The "Victory" was delayed in quarantine twenty-four hours, when orders from London directed her release. At 9 P.M. of the 19th of August, Nelson's flag was hauled down, and he left the ship for Merton, thus ending an absence of two years and three months. His home being but an hour's drive from the heart of London, the anxieties of the time, and his own eagerness to communicate his views and experience, carried him necessarily and at once to the public offices—to the Admiralty first, but also to the Secretaries for Foreign Affairs and for War, both of whom had occasion for the knowledge and suggestions of so competent and practised an observer. The present head of the Admiralty, Lord Barham, had succeeded to the office, unexpectedly, upon the sudden retirement of Melville the previous May. He was a naval officer, eighty years of age, who since middle life had exchanged the active sea-going of the profession, for civil duties connected with it. He had thus been out of touch with it on the military side; and although Nelson was of course well known to him by reputation and achievement, he had not that intimate personal experience of his character and habit of thought, upon which was based the absolute confidence felt by St. Vincent, and by all others who had seen the great warrior in active service. "Lord Barham is an almost entire stranger to me," wrote Nelson; but after their interview he left with him the journals in which were embodied the information obtained during his recent command, with his comments upon the affairs of the Mediterranean in particular, and, as incidental thereto, of Europe in general. Barham, who gave proof of great military capacity during his short term of office, was so much impressed by the sagacity and power of Nelson's remarks, that he assured the Cabinet he ought by all means to go back to the Mediterranean; and it may be assumed that the latter's wish so to do would have been gratified, at the time of his own choosing, had not other events interposed to carry him away earlier, and to end his career.
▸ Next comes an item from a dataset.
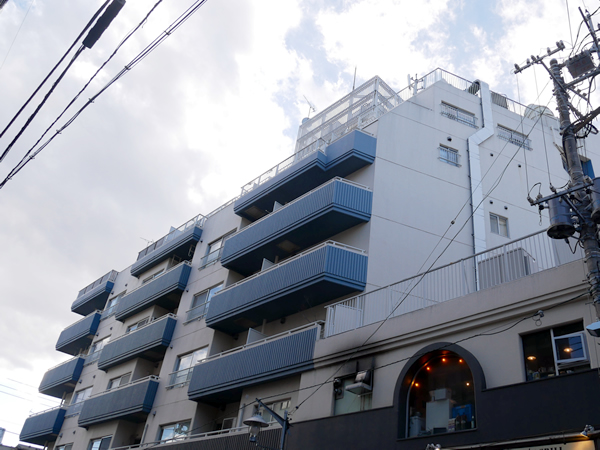 高円寺ニューナショナルコートの外観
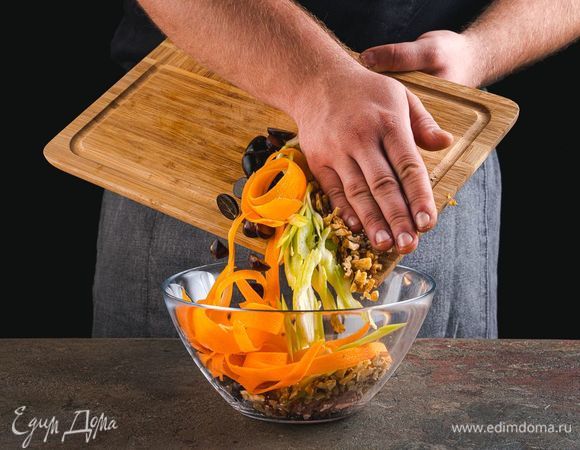 Добавьте в чашу нарезанные овощи, виноград и орехи. Смешайте все ингредиенты.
It was upon one of these visits to Ministers that Nelson and Wellington met for the only time in their lives. The latter had just returned from a long service in India, reaching England in September, 1805. His account of the interview, transmitted to us by Croker, is as follows:—
WALMER, October 1st, 1834. We were talking of Lord Nelson, and some instances were mentioned of the egotism and vanity that derogated from his character. "Why," said the Duke, "I am not surprised at such instances, for Lord Nelson was, in different circumstances, two quite different men, as I myself can vouch, though I only saw him once in my life, and for, perhaps, an hour. It was soon after I returned from India. I went to the Colonial Office[110] in Downing Street, and there I was shown into the little waiting-room on the right hand, where I found, also waiting to see the Secretary of State, a gentleman, whom, from his likeness to his pictures and the loss of an arm, I immediately recognised as Lord Nelson. He could not know who I was, but he entered at once into conversation with me, if I can call it conversation, for it was almost all on his side and all about himself, and in, really, a style so vain and so silly as to surprise and almost disgust me. I suppose something that I happened to say may have made him guess that I was somebody, and he went out of the room for a moment, I have no doubt to ask the office-keeper who I was, for when he came back he was altogether a different man, both in manner and matter. All that I had thought a charlatan style had vanished, and he talked of the state of this country and of the aspect and probabilities of affairs on the Continent with a good sense, and a knowledge of subjects both at home and abroad, that surprised me equally and more agreeably than the first part of our interview had done; in fact, he talked like an officer and a statesman. The Secretary of State kept us long waiting, and certainly, for the last half or three quarters of an hour, I don't know that I ever had a conversation that interested me more. Now, if the Secretary of State had been punctual, and admitted Lord Nelson in the first quarter of an hour, I should have had the same impression of a light and trivial character that other people have had; but luckily I saw enough to be satisfied that he was really a very superior man; but certainly a more sudden and complete metamorphosis I never saw."[111]
This is not the only record that remains to us of those interesting interviews with Cabinet Ministers, although the most have passed away unnoted. It was in one of them that he uttered a military opinion, for whose preservation we are indebted to his own mention of it in a private letter; an opinion so characteristic of his habits of thought, his reasoned motives of action, that, although it has before been quoted, it is fitting to repeat it in his own words and in full.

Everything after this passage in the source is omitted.